ImageMy roommate in art school, Judy LaBrasca took this photograph of me. A headache caused me to lie down. I had drawn the blinds, she said. Giving this picture a silent film star quality.

Judy and I were in Philadelphia’s Roosevelt Hotel together. On the ninth floor. At 23rd and Walnut. A grim corner. We painted the walls of our nine by twelve foot bathroom with Chinese Red enamel. The pale green toilet, sink and tub were just the right hue to interact with the Chinese Red. And my friend Bill Cohen ruined the aesthetic by drawing a peace sign on the light fixture. A by-product of Bill’s education: no appreciation of the color interaction.

My roommate and I had been collecting metal bottle caps. I think Judy started it. Soon we had so many, we dumped the bottle caps all over the floor. We placed our black throw rugs over them. A sign outside the bathroom door said “Before Entering, Put On Shoes.”

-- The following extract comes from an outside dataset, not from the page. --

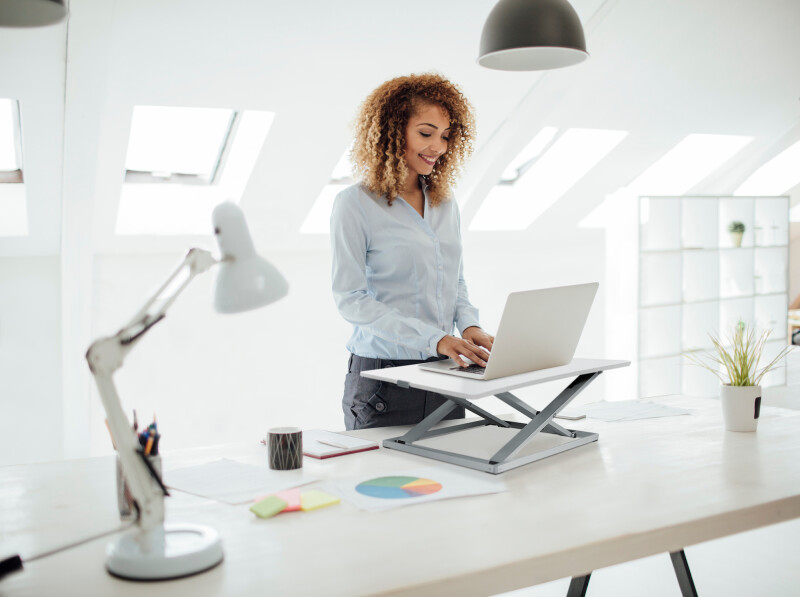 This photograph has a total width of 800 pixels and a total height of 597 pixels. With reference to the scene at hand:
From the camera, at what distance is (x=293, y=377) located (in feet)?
18.8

Behind the closed door, while our visitors were in the bathroom, we could hear the slushing of metal being plowed through. A heavy but slightly tinny sound. After all, the bottle caps were at least four inches deep! When not stepping on the rugs, which protected a person’s feet from tipping, one had to get footing by stepping on the floor and pushing the bottle caps in the direction one wanted to go! Kind of like walking through snow. But not on snow.

Art school, I am learning, is a very different sort of education. This suddenly is on my mind because our daughter just went off to college yesterday! What I lack in critical thinking from not having had a liberal arts education (such as my daughter and Bill Cohen), I make up for in creativity.

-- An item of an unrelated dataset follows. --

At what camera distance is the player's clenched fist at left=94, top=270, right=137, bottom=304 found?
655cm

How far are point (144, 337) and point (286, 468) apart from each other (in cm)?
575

All those hours of life drawing, design and constructing modular pieces that “worked!” 
These classes went into the young art student’s brain in ways still waiting to be revealed.

Judy LaBrasca is now and has always been an artist. She lives in Maine. I am sure she, like I am, is tired of the bottle caps and doesn’t decorate with them anymore. I cannot speak for her usage of that wonderful color combination. I still have deep respect.

And while it may seem like I am trashing Bill Cohen, he received a degree from the University of Pennsylvania and then went on to law school in Boston. He has his own successful law practice in Pennsylvania.